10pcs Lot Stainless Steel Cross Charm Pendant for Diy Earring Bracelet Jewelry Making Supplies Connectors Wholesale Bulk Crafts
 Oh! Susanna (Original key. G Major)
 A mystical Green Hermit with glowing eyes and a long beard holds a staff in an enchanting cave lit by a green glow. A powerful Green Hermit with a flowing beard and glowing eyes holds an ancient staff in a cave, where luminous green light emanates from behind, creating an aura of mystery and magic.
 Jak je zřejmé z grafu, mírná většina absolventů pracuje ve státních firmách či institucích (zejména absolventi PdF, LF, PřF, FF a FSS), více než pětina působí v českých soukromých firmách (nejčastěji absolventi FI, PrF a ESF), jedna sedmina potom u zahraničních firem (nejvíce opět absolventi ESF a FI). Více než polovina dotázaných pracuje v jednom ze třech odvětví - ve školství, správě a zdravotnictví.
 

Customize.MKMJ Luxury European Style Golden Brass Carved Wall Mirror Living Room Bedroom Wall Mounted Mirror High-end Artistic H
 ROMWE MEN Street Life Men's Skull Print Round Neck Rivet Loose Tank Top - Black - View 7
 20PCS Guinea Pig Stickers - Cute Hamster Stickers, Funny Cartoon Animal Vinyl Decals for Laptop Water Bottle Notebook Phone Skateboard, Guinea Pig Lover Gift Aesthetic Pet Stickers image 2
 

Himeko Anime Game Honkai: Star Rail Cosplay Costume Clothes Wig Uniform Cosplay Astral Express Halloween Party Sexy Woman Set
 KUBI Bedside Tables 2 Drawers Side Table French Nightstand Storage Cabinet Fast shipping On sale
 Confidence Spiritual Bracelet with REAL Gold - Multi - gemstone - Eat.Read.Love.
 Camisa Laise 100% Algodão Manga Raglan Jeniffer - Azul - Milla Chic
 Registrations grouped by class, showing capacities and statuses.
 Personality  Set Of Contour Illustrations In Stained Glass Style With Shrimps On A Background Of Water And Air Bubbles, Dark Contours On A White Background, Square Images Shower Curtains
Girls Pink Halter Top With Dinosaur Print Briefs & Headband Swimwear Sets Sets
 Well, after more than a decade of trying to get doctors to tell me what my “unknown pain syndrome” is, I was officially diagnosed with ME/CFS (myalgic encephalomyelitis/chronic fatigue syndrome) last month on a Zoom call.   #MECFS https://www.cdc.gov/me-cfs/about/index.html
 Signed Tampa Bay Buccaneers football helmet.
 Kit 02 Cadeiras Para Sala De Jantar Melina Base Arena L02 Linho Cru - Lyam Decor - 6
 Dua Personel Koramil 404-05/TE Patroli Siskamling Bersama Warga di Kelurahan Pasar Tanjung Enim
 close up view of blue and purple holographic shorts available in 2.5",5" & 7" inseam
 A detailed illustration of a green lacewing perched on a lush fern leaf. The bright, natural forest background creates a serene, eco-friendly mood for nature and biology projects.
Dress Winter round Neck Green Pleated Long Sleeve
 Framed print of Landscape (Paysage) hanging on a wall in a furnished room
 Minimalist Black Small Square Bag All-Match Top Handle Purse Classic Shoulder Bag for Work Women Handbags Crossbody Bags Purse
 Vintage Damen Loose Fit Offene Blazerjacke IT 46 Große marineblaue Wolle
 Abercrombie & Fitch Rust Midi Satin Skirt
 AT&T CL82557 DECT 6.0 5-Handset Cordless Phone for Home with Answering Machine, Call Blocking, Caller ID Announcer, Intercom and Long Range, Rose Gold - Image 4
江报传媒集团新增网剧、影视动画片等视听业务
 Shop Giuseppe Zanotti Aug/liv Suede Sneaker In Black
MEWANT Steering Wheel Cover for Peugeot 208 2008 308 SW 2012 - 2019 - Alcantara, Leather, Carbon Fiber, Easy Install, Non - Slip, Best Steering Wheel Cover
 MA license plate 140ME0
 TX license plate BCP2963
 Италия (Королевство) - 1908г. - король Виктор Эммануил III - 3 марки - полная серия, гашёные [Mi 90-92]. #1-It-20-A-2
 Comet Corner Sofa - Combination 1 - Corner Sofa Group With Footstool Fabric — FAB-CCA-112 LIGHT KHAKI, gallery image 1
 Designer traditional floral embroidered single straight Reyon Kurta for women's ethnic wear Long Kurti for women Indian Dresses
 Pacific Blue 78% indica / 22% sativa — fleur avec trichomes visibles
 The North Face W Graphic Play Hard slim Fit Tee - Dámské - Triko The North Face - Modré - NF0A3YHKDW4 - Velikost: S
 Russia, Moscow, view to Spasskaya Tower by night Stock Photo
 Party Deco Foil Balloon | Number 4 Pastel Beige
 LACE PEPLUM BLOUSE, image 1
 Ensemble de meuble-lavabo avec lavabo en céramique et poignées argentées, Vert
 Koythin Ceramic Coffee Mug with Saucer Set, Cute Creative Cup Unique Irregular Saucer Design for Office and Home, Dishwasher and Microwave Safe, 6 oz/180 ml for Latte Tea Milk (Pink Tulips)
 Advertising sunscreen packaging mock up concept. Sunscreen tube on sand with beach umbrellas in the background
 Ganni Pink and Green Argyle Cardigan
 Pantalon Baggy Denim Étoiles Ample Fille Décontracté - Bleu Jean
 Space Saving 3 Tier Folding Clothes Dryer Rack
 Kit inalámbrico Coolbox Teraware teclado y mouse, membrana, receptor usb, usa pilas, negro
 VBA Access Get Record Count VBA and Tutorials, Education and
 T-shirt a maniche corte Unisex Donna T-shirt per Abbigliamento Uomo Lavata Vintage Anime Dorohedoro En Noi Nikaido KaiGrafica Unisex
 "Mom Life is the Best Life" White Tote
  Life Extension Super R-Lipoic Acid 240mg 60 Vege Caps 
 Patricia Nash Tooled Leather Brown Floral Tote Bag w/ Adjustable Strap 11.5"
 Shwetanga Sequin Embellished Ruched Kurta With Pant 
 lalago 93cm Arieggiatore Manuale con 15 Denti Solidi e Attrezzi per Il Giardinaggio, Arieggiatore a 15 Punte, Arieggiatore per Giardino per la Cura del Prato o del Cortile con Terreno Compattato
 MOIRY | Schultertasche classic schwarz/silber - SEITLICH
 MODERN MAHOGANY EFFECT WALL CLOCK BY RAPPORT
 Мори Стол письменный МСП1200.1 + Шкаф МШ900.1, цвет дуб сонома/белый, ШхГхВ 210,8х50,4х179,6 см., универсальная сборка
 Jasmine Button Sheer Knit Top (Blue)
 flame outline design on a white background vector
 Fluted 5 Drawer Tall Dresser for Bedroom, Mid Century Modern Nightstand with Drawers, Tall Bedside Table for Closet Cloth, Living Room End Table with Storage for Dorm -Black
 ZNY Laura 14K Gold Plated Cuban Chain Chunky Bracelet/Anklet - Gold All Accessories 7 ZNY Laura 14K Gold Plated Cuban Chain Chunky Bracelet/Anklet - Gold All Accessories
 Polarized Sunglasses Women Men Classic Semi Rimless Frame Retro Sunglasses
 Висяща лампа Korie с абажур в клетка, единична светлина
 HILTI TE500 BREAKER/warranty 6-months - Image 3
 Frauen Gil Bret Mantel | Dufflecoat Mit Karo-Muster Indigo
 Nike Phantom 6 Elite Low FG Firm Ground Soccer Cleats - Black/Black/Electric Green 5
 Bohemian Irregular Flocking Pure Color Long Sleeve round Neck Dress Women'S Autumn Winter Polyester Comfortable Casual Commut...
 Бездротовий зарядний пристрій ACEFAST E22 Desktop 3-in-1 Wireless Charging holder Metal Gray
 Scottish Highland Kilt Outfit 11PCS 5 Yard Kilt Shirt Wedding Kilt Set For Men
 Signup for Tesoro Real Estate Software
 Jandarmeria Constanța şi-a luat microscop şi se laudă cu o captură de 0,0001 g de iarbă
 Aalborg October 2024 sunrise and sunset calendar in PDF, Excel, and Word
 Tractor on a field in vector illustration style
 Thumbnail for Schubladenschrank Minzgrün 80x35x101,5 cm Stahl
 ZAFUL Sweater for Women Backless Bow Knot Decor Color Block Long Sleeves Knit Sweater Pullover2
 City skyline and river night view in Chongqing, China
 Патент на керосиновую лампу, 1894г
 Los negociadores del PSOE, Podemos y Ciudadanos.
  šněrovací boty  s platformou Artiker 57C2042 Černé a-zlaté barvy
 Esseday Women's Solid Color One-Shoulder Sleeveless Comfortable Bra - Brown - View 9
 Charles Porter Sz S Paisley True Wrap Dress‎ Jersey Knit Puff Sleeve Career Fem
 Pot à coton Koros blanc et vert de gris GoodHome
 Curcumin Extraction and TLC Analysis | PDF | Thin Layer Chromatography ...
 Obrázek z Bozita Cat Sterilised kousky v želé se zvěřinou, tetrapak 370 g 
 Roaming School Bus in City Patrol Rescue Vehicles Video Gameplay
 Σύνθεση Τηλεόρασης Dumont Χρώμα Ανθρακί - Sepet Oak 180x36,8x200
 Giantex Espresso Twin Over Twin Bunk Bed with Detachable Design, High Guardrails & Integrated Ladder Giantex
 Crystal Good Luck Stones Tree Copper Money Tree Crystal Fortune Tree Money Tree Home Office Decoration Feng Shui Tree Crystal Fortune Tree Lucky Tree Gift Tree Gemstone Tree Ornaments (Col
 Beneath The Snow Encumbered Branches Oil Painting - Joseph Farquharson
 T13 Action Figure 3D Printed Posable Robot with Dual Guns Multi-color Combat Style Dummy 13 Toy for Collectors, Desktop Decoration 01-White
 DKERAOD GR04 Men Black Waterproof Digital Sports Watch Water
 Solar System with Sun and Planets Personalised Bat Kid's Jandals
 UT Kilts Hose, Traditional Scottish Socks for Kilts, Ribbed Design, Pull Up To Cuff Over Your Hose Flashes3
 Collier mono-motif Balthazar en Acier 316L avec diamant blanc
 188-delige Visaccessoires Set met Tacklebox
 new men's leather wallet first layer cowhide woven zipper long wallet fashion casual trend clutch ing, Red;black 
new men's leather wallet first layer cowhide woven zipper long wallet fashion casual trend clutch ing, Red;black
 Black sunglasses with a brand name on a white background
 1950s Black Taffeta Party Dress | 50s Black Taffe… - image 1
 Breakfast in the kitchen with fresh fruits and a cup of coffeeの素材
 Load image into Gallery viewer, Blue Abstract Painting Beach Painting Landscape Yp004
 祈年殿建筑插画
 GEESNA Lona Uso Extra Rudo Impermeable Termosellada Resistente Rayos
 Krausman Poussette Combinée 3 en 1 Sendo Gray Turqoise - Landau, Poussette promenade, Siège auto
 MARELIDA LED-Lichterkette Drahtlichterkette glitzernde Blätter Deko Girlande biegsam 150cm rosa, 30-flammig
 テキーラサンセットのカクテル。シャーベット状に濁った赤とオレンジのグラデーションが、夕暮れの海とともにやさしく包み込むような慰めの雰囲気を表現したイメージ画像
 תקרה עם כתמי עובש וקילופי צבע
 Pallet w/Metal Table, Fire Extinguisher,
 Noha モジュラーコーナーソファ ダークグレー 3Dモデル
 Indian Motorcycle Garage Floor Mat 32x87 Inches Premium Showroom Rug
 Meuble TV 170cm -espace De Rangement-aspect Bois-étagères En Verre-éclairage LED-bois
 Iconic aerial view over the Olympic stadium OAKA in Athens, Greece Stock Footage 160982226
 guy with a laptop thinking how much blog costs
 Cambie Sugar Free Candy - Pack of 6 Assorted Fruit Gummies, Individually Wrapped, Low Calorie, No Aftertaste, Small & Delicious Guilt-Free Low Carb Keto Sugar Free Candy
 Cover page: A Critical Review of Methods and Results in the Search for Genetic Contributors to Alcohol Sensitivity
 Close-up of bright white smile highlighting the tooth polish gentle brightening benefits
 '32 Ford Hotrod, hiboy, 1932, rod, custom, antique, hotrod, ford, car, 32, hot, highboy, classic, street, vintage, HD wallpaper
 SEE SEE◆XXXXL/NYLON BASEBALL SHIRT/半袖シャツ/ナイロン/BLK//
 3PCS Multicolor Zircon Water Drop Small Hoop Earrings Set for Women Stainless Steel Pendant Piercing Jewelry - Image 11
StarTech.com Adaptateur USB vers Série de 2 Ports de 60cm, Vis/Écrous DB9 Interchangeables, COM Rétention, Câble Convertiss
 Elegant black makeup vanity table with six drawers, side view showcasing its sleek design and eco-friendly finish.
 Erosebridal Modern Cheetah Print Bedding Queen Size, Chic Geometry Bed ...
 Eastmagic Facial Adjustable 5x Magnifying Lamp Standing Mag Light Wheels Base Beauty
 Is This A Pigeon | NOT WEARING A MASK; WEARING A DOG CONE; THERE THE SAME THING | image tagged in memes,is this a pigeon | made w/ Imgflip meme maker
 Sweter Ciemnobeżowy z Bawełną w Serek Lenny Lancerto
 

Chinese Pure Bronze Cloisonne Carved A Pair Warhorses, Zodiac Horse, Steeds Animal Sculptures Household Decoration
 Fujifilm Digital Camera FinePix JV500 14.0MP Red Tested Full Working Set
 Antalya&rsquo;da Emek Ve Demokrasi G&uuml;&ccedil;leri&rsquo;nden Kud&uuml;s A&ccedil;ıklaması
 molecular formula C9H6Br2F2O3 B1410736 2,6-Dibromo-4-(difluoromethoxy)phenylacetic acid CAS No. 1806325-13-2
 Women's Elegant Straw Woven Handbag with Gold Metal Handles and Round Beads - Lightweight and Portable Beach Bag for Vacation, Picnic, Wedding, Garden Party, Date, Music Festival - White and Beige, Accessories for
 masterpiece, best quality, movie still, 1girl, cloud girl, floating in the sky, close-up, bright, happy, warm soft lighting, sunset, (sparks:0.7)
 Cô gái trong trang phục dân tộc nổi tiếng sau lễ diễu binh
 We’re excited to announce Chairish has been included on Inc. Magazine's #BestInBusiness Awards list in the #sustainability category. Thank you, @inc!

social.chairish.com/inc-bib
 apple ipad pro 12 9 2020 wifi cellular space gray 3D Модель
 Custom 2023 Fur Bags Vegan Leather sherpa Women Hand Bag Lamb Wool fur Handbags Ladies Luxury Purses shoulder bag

───

### Exercise prompt
In the listing above, find the line with "HILTI TE500 BREAKER/warranty" and the line with "Патент на керосиновую лампу, 1894г". Output those two lines and every line between them, exactly as written.

### Solution
 HILTI TE500 BREAKER/warranty 6-months - Image 3
 Frauen Gil Bret Mantel | Dufflecoat Mit Karo-Muster Indigo
 Nike Phantom 6 Elite Low FG Firm Ground Soccer Cleats - Black/Black/Electric Green 5
 Bohemian Irregular Flocking Pure Color Long Sleeve round Neck Dress Women'S Autumn Winter Polyester Comfortable Casual Commut...
 Бездротовий зарядний пристрій ACEFAST E22 Desktop 3-in-1 Wireless Charging holder Metal Gray
 Scottish Highland Kilt Outfit 11PCS 5 Yard Kilt Shirt Wedding Kilt Set For Men
 Signup for Tesoro Real Estate Software
 Jandarmeria Constanța şi-a luat microscop şi se laudă cu o captură de 0,0001 g de iarbă
 Aalborg October 2024 sunrise and sunset calendar in PDF, Excel, and Word
 Tractor on a field in vector illustration style
 Thumbnail for Schubladenschrank Minzgrün 80x35x101,5 cm Stahl
 ZAFUL Sweater for Women Backless Bow Knot Decor Color Block Long Sleeves Knit Sweater Pullover2
 City skyline and river night view in Chongqing, China
 Патент на керосиновую лампу, 1894г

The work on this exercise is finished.